Un film suisse vient de marquer les esprits. Il s'agit de trois bergers à l'alpage fabricant une poupée qui leur servira d'objet sexuel. Celle-ci va soudainement prendre vie et se vengera des bergers dans des orgies, des vexations, des crimes. Une violence inouïe au sein même de la pureté de nos pâturages alpestres. Le symbole du paradis détruit par le maître des enfers. Une guerre des sexes commençant par la mise en objet absolu de la femme par trois hommes rendus fous par leur manque de sexe, et finissant par la vengeance de l'objet qui se mue lui-même en monstre sanguinaire et fornicateur contre ses propres assaillants. La poupée mécanique se réveille de sa soumission (la femme mise en abîme pornographique?) et renverse le pouvoir masculin en surenchérissant dans l'horreur (les hommes, outils sexuels de la diablesse, subissant brimades, tortures, viols consentants, et meurtres, ou l'histoire réelle et en live entendue à travers un fait divers concernant une relation sexuelle entre un banquier helvète et une de ses maîtresses?...).

Peut-on continuer comme ça? Peut-on accepter ce « totalitarisme doux » à travers ces images de fiction qui, tout soudain, pourraient faire irruption dans nos vies réelles? Peut-on ne pas remettre l'industrie du spectacle à sa place, c'est-à-dire à celle, qu'elle n'aurait jamais dû abandonner, d'éduquer par le savoir et l'émotion plutôt que par la pulsion exprimée qui nous rend pervers plutôt que maître ne nous-mêmes? Le taux d'audience est-il plus important que le niveau d'intelligence de coeur de nos cerveaux appelés de plus en plus souvent à mettre en évidence notre cerveau reptilien

On achève bien les chevaux? Arrive-t-on dans une époque de grandes catastrophes? Ou alors, allons-nous tous nous réveiller enfin pour combattre ce nouvel enfer prévisible qui va s'abattre soudainement sur nous sans même que nous nous y attendions? Stupeur, violence de la haine, meurtres dignes des époques de terreur et totalement indignes des époques de Renaissance?

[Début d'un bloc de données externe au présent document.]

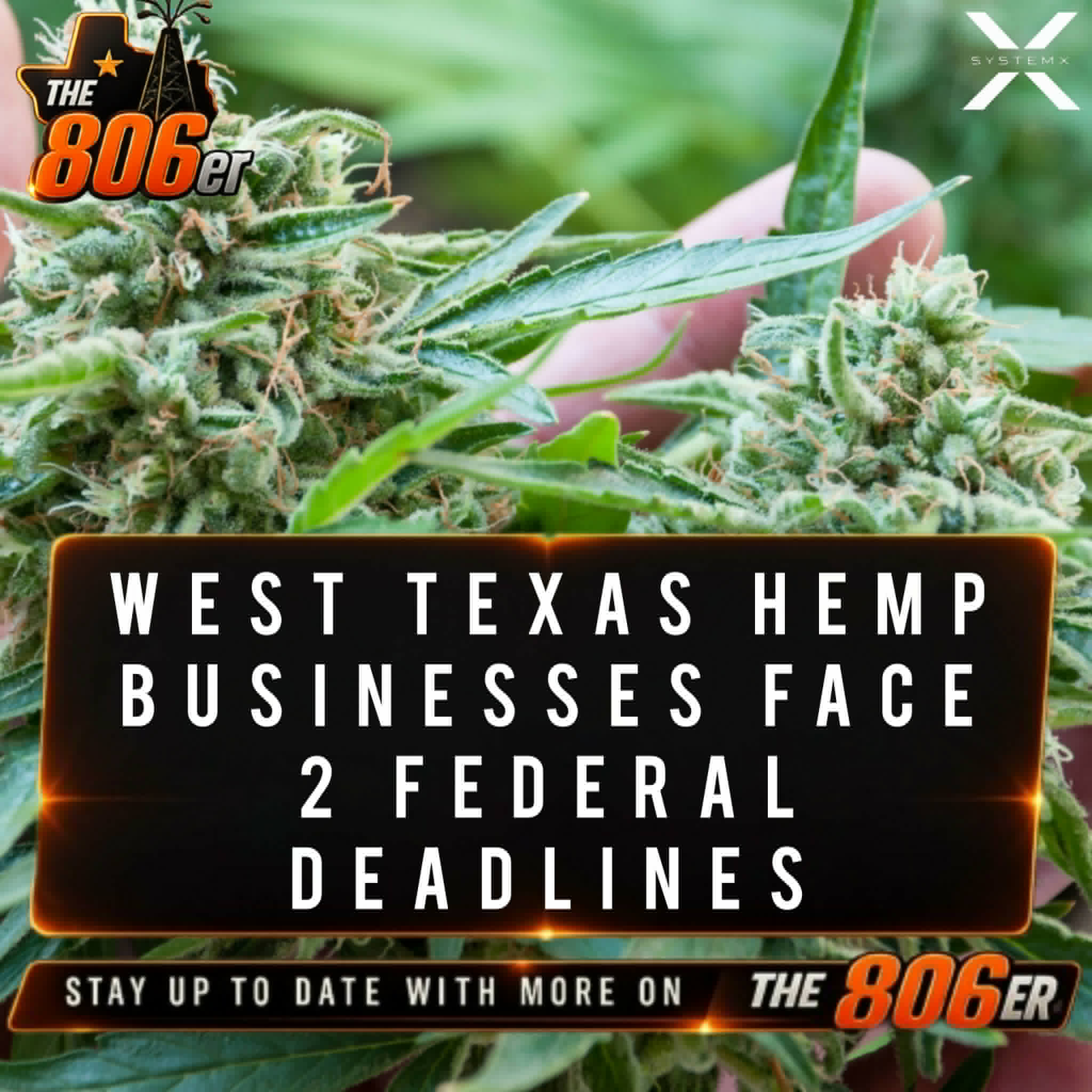 WEST TEXAS HEMP BUSINESSES FACE 2 FEDERAL DEADLINES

Citoyennes et citoyens, demandons autres choses à nos hommes et femmes de culture. Demandons plus d'émotion et beaucoup moins de pulsions mises à nue à l'écran, le porno, la violence, le trash, le cracra, et tout ce shit qui nous bouffe petit à petit notre esprit et nos capacités de résistance à la perversion finale. Ne donnons pas raison à Sade, lui qui a vécu très longtemps enfermé entre quatre murs mais surtout enfermé sur lui-même du fait de sa philosophie donnant le plein pouvoir à l'ego, à la liberté individuelle absolue. Résistons à cette montée de l'intolérable comme les résistants luttaient contre l'idéologie nazie. Ayons raison, avant que celles et ceux qui ont tort provoquent la Grande Déchéance civilisationnelle et la rupture fatale de notre temps. Nous vivons dans un piège sordide qui nous jette des sortilèges, des illusions, de la pornographie, pour satisfaire toutes nos pulsions.

Le capitalisme pulsionnel est le pire des capitalismes. Il marque la dégénérescence du capitalisme et sa fin programmée. Qui a des idées pour la suite? Qui a des innovations dans sa besace pour modifier nos structures en train de s'effondrer? Un écrivain du XXème siècle, André Malraux l'avait prédit: le XXIème siècle sera spirituel ou ne sera pas... Lisez dans les Livres car dans les Livres se trouvent aussi les inspirations sociétales pour mener nos sociétés sur des chemins meilleurs rétablissant la solidarité sociale et le respect mutuel.

A voir absolument, de Christophe Nick: « Le temps de cerveau disponible » proposé par « Histoire vivante ».